Segment Open

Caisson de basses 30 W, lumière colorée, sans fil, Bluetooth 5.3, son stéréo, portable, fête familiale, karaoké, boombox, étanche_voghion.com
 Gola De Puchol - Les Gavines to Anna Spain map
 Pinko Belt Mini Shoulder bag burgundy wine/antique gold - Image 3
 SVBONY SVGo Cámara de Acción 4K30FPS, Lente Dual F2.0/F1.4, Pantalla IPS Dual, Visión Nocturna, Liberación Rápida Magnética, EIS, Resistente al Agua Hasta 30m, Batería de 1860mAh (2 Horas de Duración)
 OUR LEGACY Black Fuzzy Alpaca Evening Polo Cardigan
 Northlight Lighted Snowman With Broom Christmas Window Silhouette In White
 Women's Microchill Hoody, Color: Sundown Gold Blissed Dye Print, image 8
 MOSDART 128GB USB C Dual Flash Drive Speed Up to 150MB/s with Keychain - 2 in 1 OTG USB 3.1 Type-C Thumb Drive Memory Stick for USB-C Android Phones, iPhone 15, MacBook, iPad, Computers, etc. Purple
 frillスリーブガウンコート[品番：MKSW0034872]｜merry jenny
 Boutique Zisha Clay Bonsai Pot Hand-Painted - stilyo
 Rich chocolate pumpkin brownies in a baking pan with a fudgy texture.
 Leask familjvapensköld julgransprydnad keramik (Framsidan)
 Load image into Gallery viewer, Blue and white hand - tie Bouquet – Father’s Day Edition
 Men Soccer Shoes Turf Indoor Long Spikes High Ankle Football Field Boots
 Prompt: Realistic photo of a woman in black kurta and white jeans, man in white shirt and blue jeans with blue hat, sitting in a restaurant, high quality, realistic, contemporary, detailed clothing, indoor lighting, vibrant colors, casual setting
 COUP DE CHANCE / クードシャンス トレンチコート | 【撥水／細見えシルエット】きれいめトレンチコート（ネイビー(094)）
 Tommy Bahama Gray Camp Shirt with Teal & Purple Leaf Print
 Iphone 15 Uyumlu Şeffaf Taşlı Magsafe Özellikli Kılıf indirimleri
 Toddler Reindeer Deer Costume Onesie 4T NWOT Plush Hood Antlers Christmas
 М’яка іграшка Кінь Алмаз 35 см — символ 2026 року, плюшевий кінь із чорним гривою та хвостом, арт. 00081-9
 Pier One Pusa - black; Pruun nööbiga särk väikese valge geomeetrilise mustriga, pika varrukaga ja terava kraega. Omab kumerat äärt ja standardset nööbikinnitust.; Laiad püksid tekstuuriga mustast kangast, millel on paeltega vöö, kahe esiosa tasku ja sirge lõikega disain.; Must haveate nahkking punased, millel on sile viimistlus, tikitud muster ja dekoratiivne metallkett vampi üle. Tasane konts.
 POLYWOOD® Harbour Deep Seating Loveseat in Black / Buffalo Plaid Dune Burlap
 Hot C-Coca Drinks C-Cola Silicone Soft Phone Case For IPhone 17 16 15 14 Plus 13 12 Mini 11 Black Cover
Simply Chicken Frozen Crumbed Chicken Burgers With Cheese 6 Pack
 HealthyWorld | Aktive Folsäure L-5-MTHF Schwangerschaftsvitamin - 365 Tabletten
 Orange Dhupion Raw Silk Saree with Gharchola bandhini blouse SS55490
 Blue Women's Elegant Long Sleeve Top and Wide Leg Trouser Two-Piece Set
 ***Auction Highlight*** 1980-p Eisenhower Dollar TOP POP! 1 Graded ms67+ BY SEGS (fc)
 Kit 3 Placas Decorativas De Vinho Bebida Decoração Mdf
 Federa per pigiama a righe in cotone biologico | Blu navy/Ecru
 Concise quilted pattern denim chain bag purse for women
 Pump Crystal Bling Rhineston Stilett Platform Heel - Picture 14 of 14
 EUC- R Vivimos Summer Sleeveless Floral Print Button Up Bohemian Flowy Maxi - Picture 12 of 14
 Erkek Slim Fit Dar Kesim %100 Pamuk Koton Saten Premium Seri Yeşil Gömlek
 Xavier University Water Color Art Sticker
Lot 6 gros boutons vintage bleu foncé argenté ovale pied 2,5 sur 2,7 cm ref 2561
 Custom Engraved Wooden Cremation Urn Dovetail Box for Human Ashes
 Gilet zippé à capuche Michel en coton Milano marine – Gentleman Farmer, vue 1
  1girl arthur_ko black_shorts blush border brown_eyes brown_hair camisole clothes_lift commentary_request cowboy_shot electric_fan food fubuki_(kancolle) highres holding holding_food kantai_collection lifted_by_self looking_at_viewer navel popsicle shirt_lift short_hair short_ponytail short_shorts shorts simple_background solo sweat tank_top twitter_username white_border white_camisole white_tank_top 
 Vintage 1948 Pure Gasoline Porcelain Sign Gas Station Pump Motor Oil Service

Segment Closed

- **EXERCISE DETAILS**
In the entries, some lines may contain the word "Purple". Give how many do, as a number by itself.

- **TASK SOLUTION**
2